Parallel Plasma Fluid Turbulence Calculations
J. N. Leboeuf, B. A. Carreras, L. A. Charlton, J. B. Drake,
V. E. Lynch, D. E. Newman, K. L. Sidikman and D. A. Spong
Oak Ridge National Laboratory
Oak Ridge, TN 37831-8071
The study of plasma turbulence and transport is a complex problem of critical importance for fusion-relevant plasmas. To this day, the fluid treatment of plasma dynamics is the best approach to realistic physics at the high resolution required for certain experimentally relevant calculations. Core and edge turbulence in a magnetic fusion device have been modeled using state-of-the-art, nonlinear, three-dimensional, initial-value fluid and gyrofluid codes. Parallel implementation of these models on diverse platforms -- vector parallel (National Energy Research Supercomputer Center's CRAY Y-MP C90), massively parallel (Intel Paragon XP/S 35), and serial parallel (clusters of high performance workstations using PVM) -- offers a variety of paths to both high resolution and significant improvements in real-time efficiency, each with its own advantages. The largest and most efficient calculations have been performed at the 200 Mword memory limit on the C90 in dedicated mode, where an overlap of 12 to 13 out of a maximum of 16 processors has been achieved with a gyrofluid model of core fluctuations. The richness of the physics captured by these calculations is commensurate with the increased resolution and efficiency, and is limited only by the ingenuity brought to the analysis of the massive amounts of data generated.
1. Introduction
Indications are that turbulence is the dominant mechanism of charged particle loss in toroidal fusion devices such as tokamaks. In the fluid approach, the problem of plasma turbulence reduces to solving for the evolution in space and time of a set of moment equations for macroscopic variables ( B, V, n, T,...). This makes tractable some problems that are at present too complex in kinetic theory1. The regime of applicability of the fluid approach has recently been extended by inclusion of finite ion gyroradius and of kinetic effects, through closure relations compatible with Landau damping, into gyro-Landau fluid models2,3. High resolution is needed to resolve physically relevant scale lengths in a plasma turbulence problem.

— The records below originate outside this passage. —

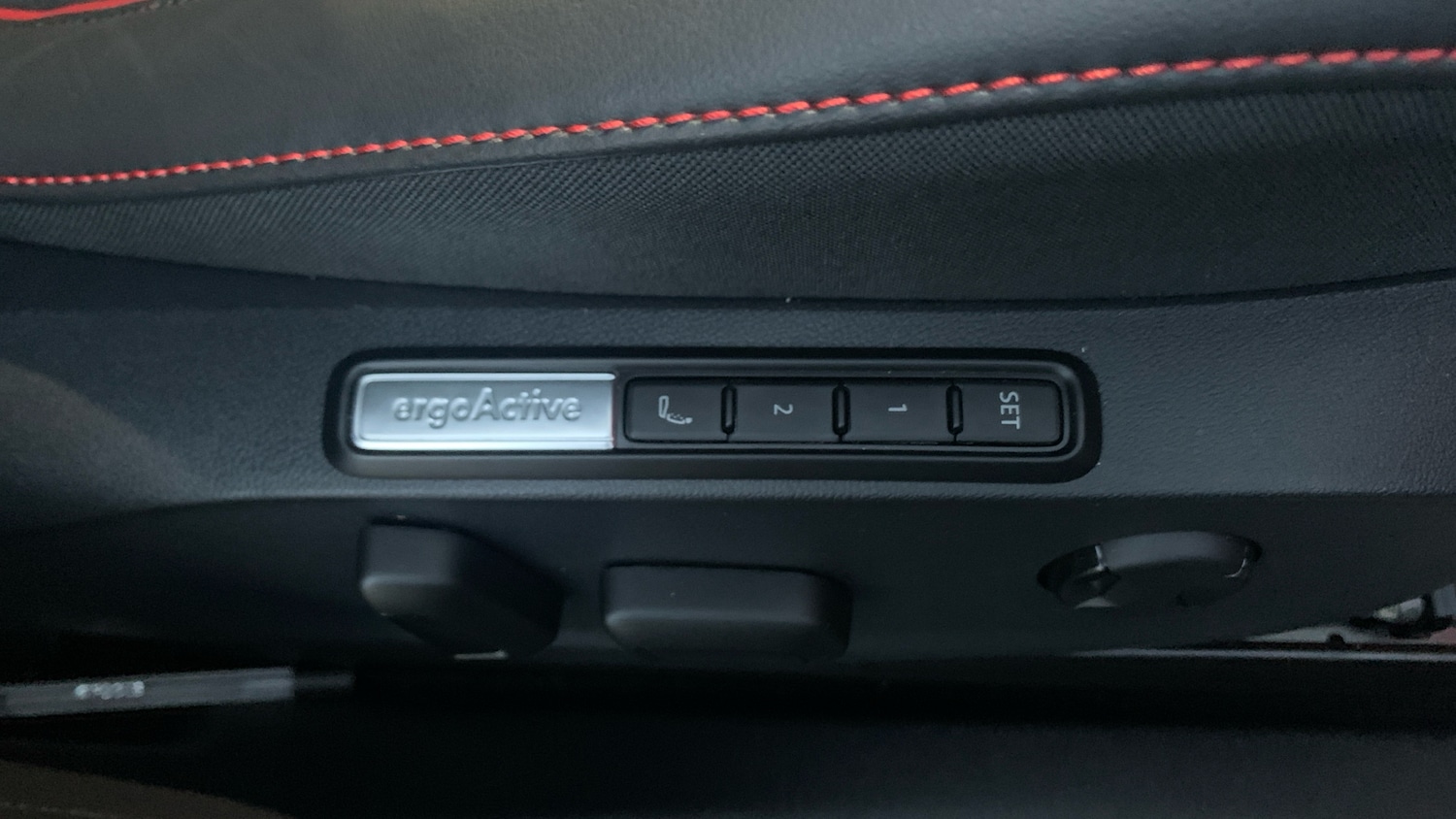 Used Volkswagen ID.7 2025 for sale - 76777172: Photo 77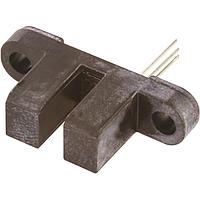 Cảm biến vị trí Kỹ thuật số cánh quạt hiệu quả chi phí 3.8-30 Vdc Honeywell SR16C-N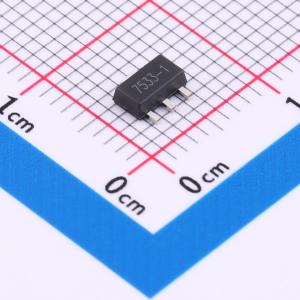 HT7533-1商品缩略图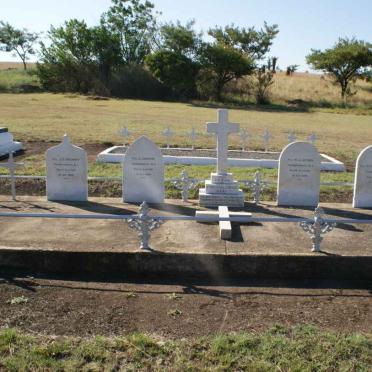 MOLONEY J.C. -1899 :: JOHNSON J. -1899 :: AIKEN W.A. -1899 :: PRUDHOE A.S. -1899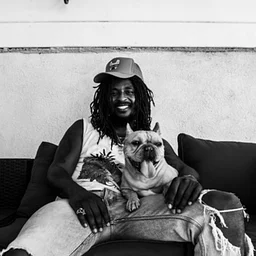 Shwayze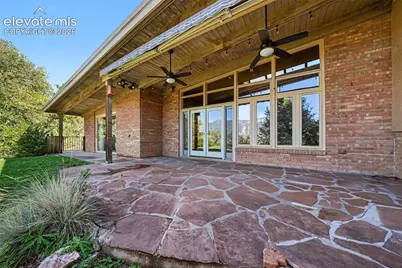 2230 Mesa Road, Colorado Springs, CO 80904 - Photo 32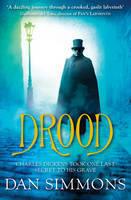 Drood - Thryft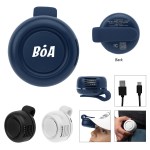 Rabs Mini Clip Fan 1 Rabs Mini Clip Fan 1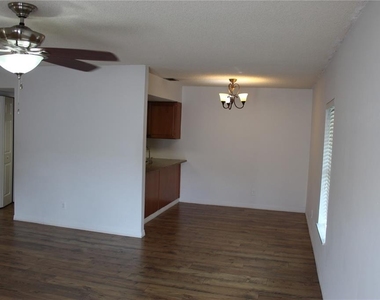 6912 El Centro Court - Photo Thumbnail 3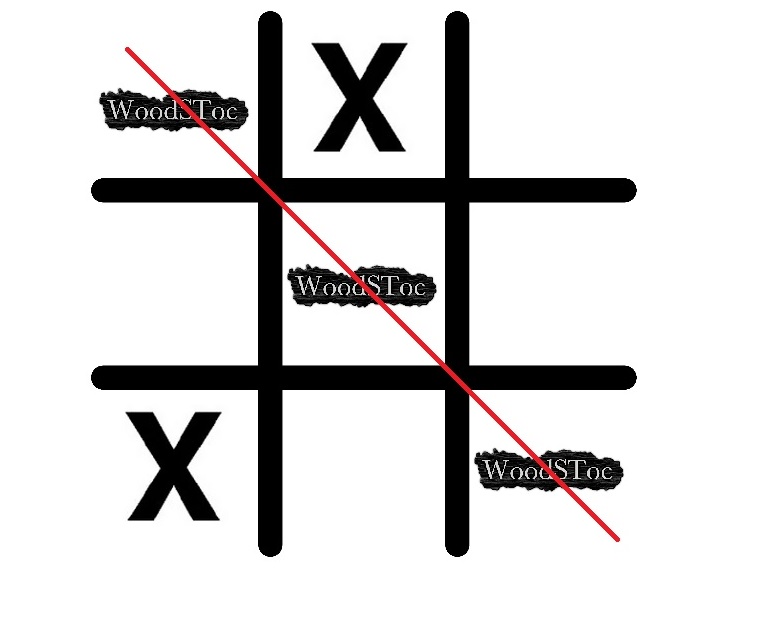 tictactoe winner.jpg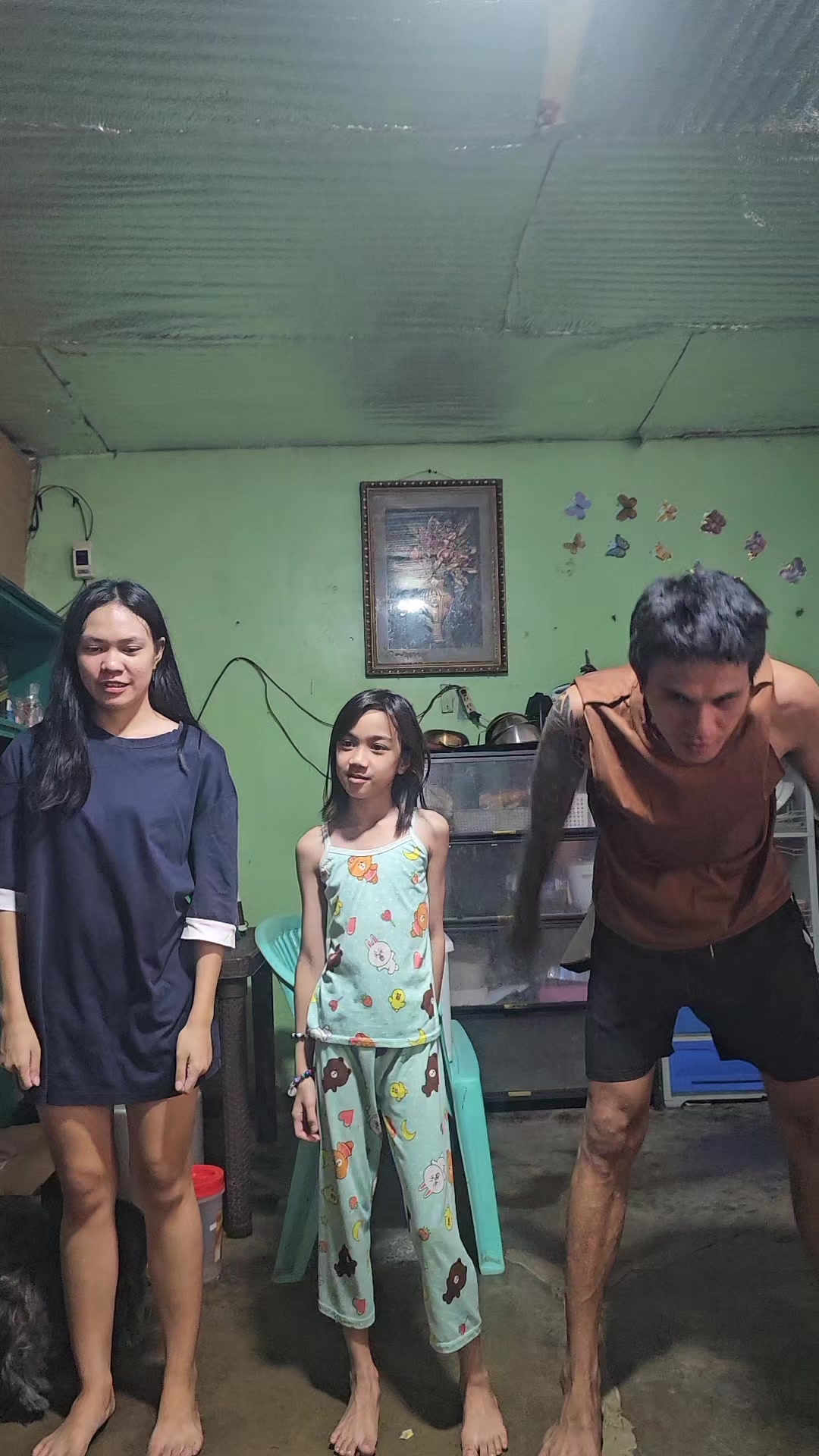 @Millennial Mama| Mom of Tiktok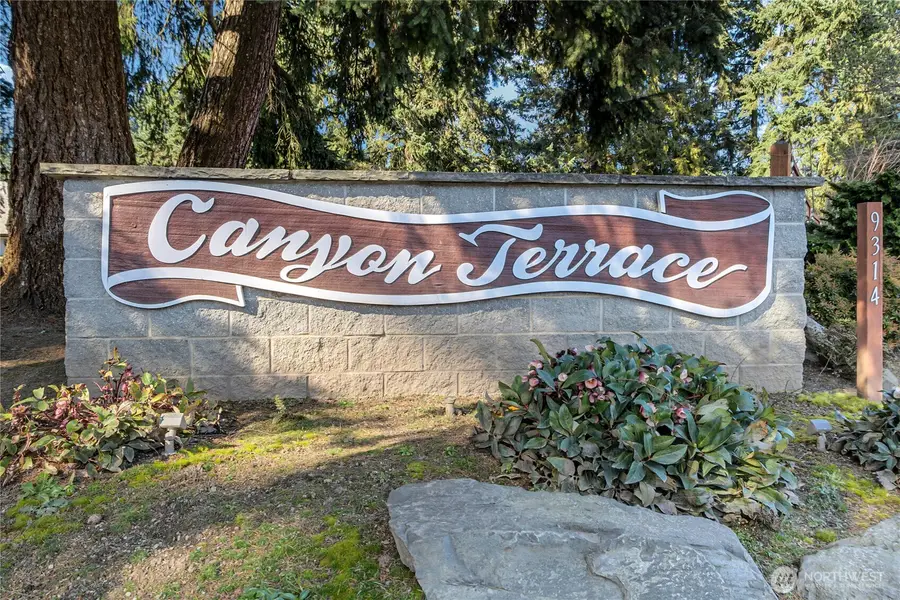 9314 Canyon Road E #34, Puyallup, WA 98371 - #2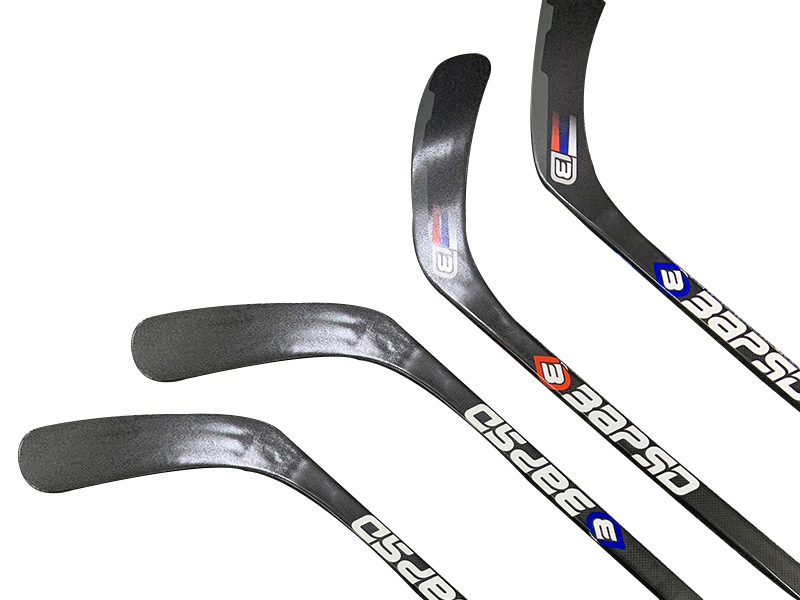 玻璃纖(xian)維管專(zhuan)業廠家(jia)玻璃纖(xiān)維的成(cheng)分性能(néng)有哪些(xie)？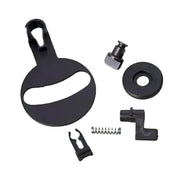 Quilters Select 60mm Rotary Cutter Replacement Parts Bundle – QSP - 60RRB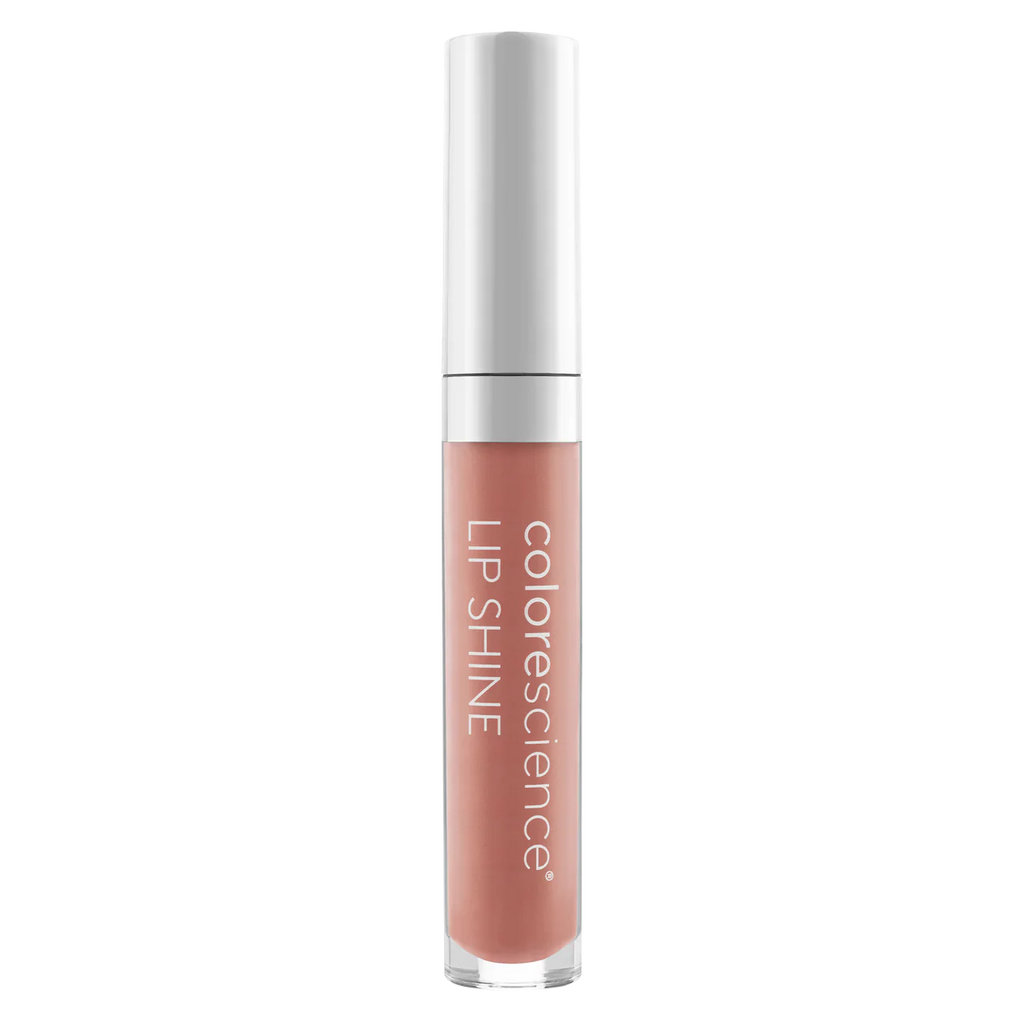 NOURISHING TREATMENT FOR HEALTHY LIPS Lip Shine SPF 35 image 7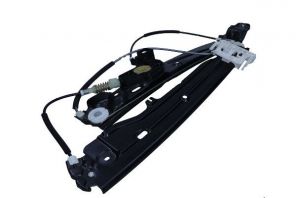 Maxgear 50-0393 - Mechanizmus zdvíhania okna -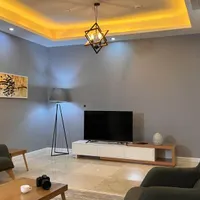 واحد مستقل*تازه مبله شده*دسترسی به نمایشگاه|اجارهٔ کوتاه‌مدت آپارتمان و سوئیت|تهران, فرمانیه|دیوار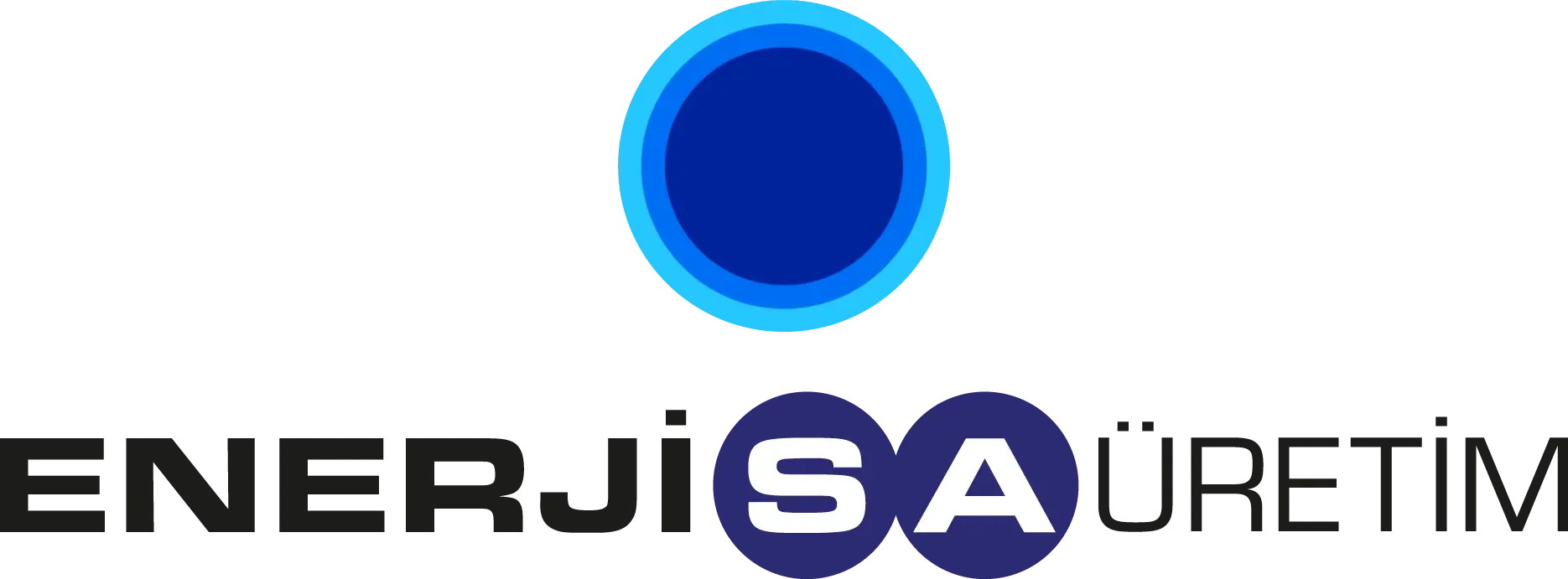 Enerjisa Logo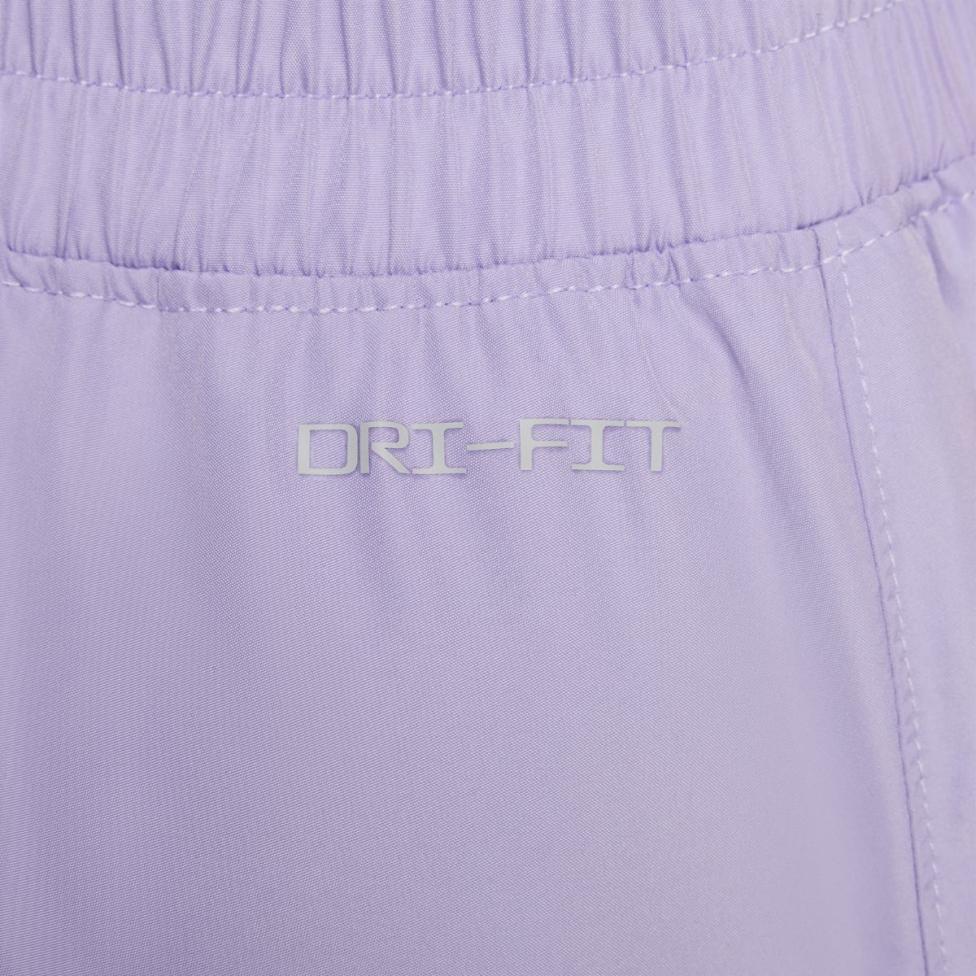 Дитячий набір: футболка, шорти NIKE NKG SUNNY SWOOSH TANK SHORT SE 36M934-P63_image_9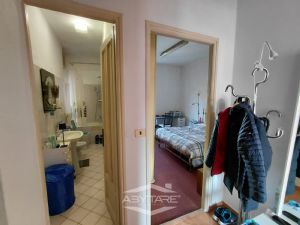 2 locali vendita Moncalieri Strada Genova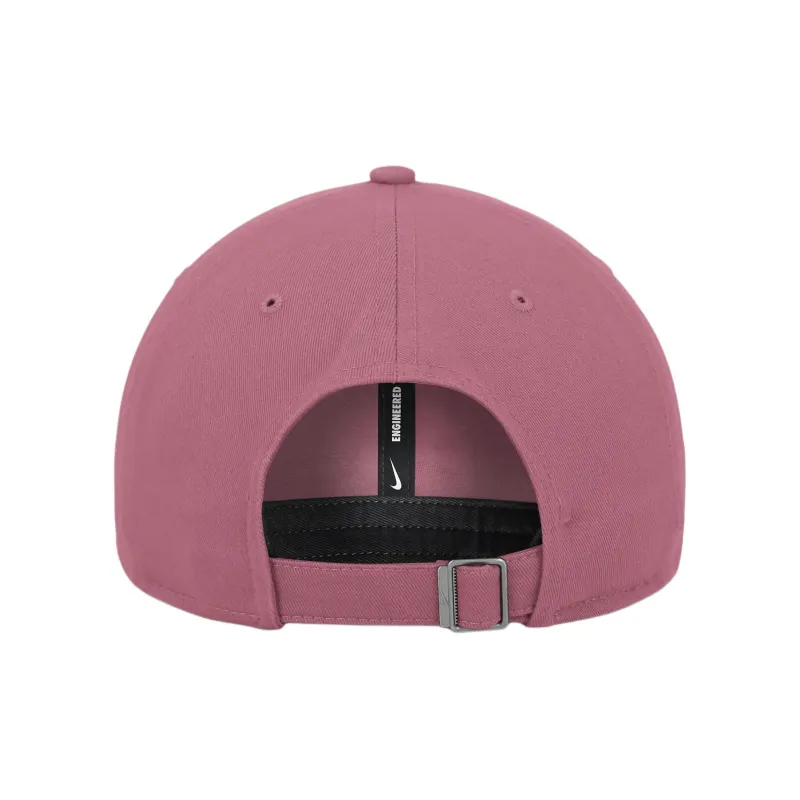 Nike Boston Red Sox Club Women's Nike Mlb Adjustable Hat-1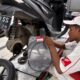 Honda: Rawat Kabel Rem Motor Guna Dukung Pengereman Lebih Nyaman dan Optimal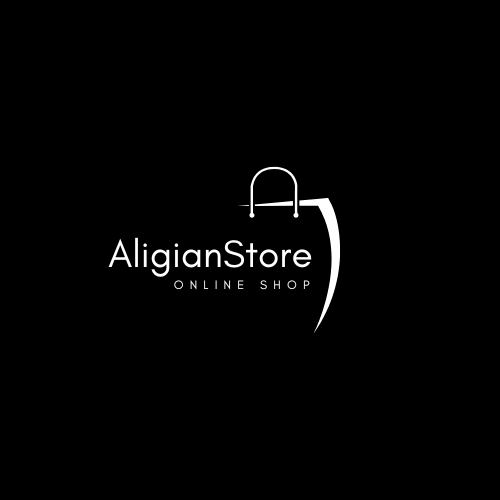 Aligian Store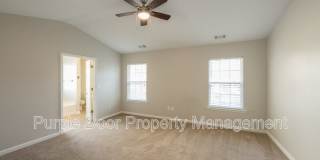 320 Tuggle Court Gallery 21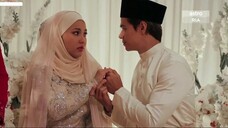 Marry Me 𝐒𝐞𝐧𝐨𝐫𝐢𝐭𝐚 (E5) 👰🏻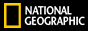 National Geographic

This requires the use of large amounts of computer memory. To study the development of steady-state turbulence, the plasma evolution must be followed for many characteristic times. Therefore these calculations also require large amounts of computing time.
Parallel implementation of a fluid turbulence model applicable to the collisional plasma edge, as incorporated in the KITE code4, and of a gyro-Landau fluid model more suitable to the hotter plasma core, as incorporated in the DTEM code5, is being pursued on the CRAY Y-MP C90, on the Intel family of mainframes, and on clusters of workstations. This is done not only to improve the real time efficiency of these calculations, thereby decreasing the wallclock time for production calculations, but also to have access to more memory. These two elements permit inclusion of more realistic physics by evolving more plasma moments and/or using more complicated evolution equations for these moments. They also allow us to significantly increase problem sizes and resolutions and therefore perform more experimentally relevant calculations. Last, but not least, parallel implementation of our fluid turbulence models means that we will be ready for the next-generation of production supercomputers which are expected to be massively parallel.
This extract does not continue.